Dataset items
━━━━━━━━━━━━━━━━━━━━━━━━━━━━━━

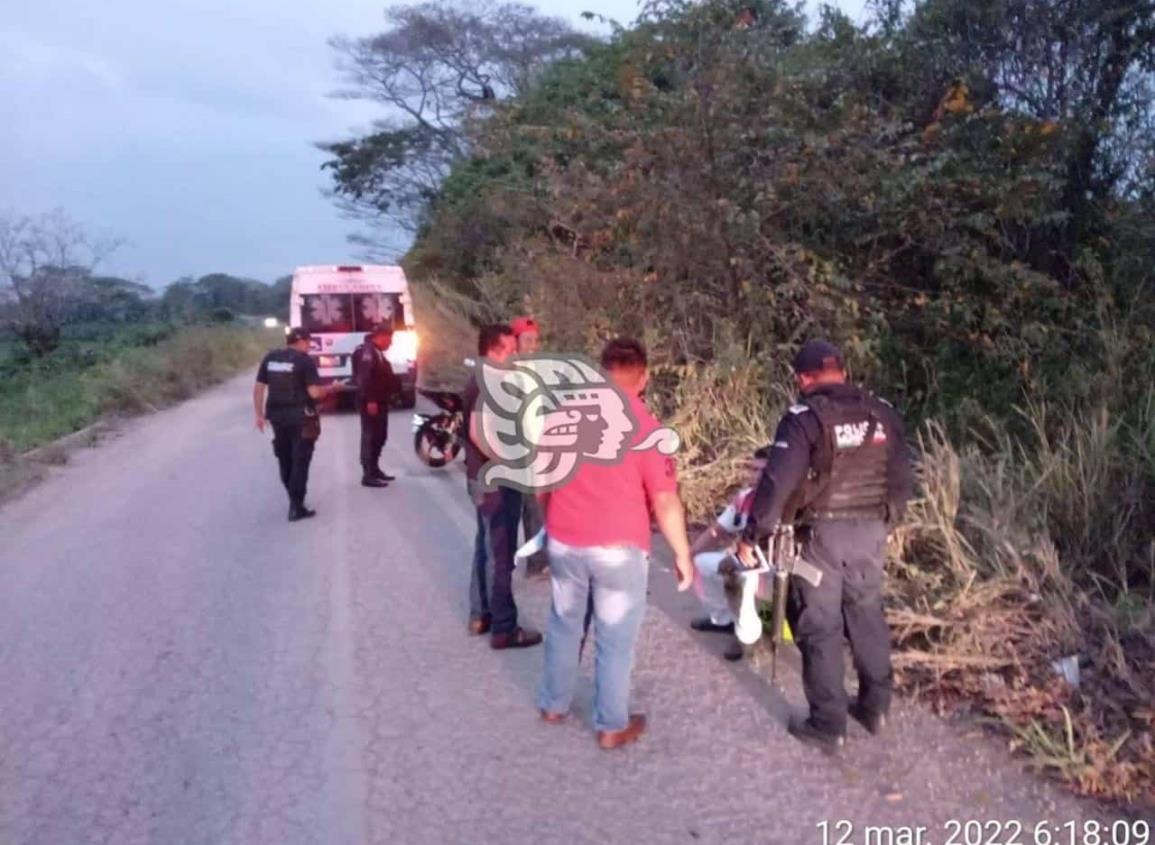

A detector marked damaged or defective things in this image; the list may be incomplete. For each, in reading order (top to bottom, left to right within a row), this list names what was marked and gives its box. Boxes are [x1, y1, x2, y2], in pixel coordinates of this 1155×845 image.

cracked asphalt [4, 376, 1113, 845]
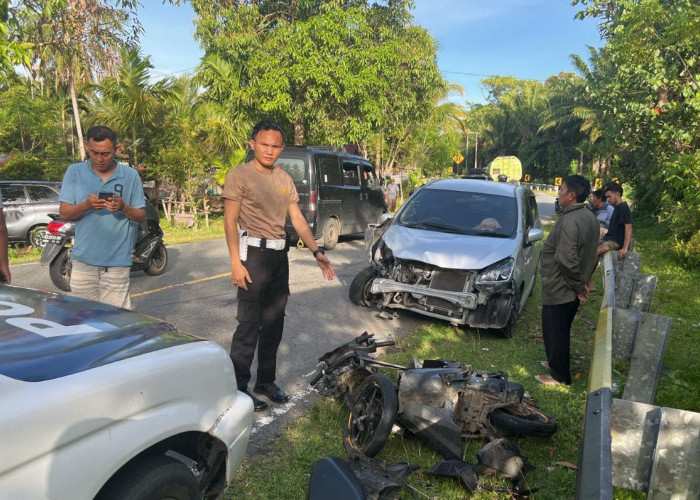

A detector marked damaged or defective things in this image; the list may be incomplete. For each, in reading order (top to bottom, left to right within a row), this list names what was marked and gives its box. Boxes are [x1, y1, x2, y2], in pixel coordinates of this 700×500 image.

destroyed motorcycle [41, 198, 167, 292]
wrecked silver car [352, 178, 544, 338]
broken headlight [476, 260, 516, 292]
destroyed motorcycle [312, 334, 556, 458]
damaged guardrail [576, 248, 696, 498]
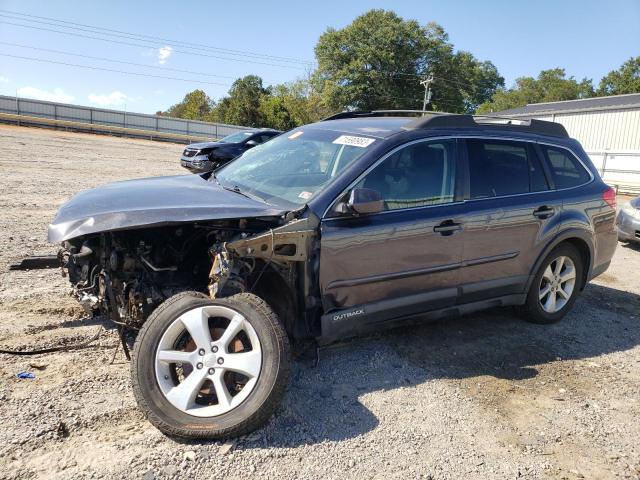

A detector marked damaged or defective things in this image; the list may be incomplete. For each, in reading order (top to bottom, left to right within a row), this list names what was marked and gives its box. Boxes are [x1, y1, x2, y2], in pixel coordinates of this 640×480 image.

bent hood [50, 174, 288, 242]
damaged subaru outback [47, 111, 616, 438]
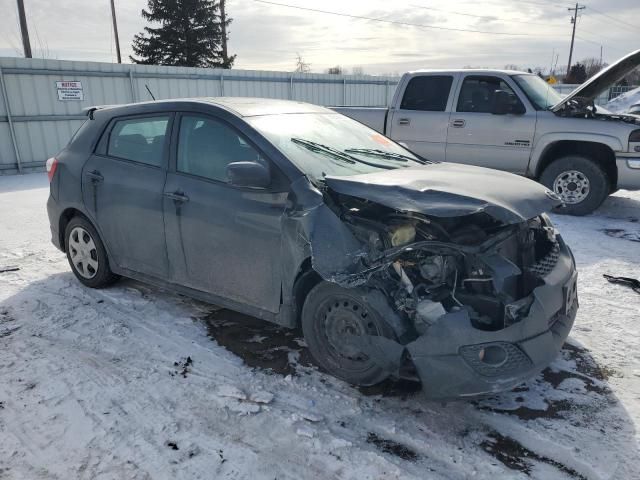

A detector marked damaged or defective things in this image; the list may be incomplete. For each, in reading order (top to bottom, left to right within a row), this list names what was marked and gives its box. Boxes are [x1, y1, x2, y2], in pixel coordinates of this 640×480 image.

crumpled hood [552, 48, 640, 112]
damaged gray car [47, 96, 576, 398]
crumpled hood [324, 161, 560, 221]
front end damage [310, 180, 580, 398]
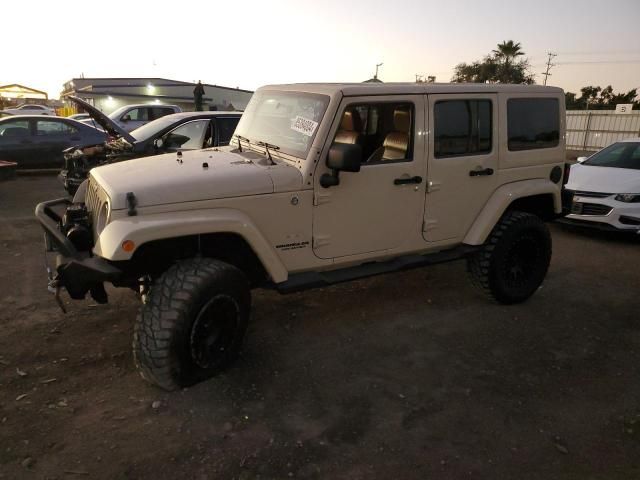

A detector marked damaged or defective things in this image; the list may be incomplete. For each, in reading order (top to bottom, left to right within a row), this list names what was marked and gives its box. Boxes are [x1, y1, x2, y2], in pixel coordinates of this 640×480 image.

black damaged car [60, 95, 242, 195]
damaged front bumper [35, 198, 122, 304]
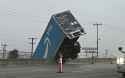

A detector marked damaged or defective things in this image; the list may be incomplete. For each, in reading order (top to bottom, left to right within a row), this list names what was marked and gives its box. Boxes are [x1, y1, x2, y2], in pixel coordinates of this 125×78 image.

━━━━━━━━━━━━━━━━━━━━━━━━━━━━━━

- **Task requirements**
Only the records are wanted, copied exactly, with the pictures dropped.

- **Output below**
A detector marked damaged or defective things in this image; the list may be incomplete. For each, in reading order (top to bottom, left to right within a row), this list names what was marked and gives its box. Boxes are [x1, y1, x2, y2], in pixel coordinates of this 1155×845 image.

cracked asphalt [4, 376, 1113, 845]

A detector marked damaged or defective things in this image; the list may be incomplete. For each, in reading order (top to bottom, left to right within a row), this list names what was marked and gives its box. Boxes are [x1, y1, x2, y2], in pixel coordinates of this 700×500 image.

destroyed motorcycle [41, 198, 167, 292]
wrecked silver car [352, 178, 544, 338]
broken headlight [476, 260, 516, 292]
destroyed motorcycle [312, 334, 556, 458]
damaged guardrail [576, 248, 696, 498]

A detector marked damaged or defective things in this image; the list may be incomplete. For each, in reading order (top to bottom, left to right within a row), this list names what was marked and gives its box. Boxes are [x1, y1, x2, y2], in pixel coordinates of this 640×480 image.

bent hood [50, 174, 288, 242]
damaged subaru outback [47, 111, 616, 438]

A detector marked damaged or defective things in this image; the list may be incomplete. For each, in reading order (top to bottom, left to right within a row), this list names what was marked and gives its box. Boxes are [x1, y1, x2, y2], in pixel coordinates of this 640×480 image.

crumpled hood [552, 48, 640, 112]
damaged gray car [47, 96, 576, 398]
crumpled hood [324, 161, 560, 221]
front end damage [310, 180, 580, 398]

A detector marked damaged or defective things in this image; the list may be incomplete. For each, in reading order (top to bottom, left to right within a row), this list names what was marked and gives its box. Boxes are [x1, y1, x2, y2], in pixel coordinates of this 640×480 image.

black damaged car [60, 95, 242, 195]
damaged front bumper [35, 198, 122, 304]

A detector marked damaged or defective things in this image; the list may be incomplete. For each, in reading order (top to bottom, left to right within a row), this list names what was marked and gives its box. Boxes are [x1, y1, x2, y2], in pixel coordinates of this 125×78 image.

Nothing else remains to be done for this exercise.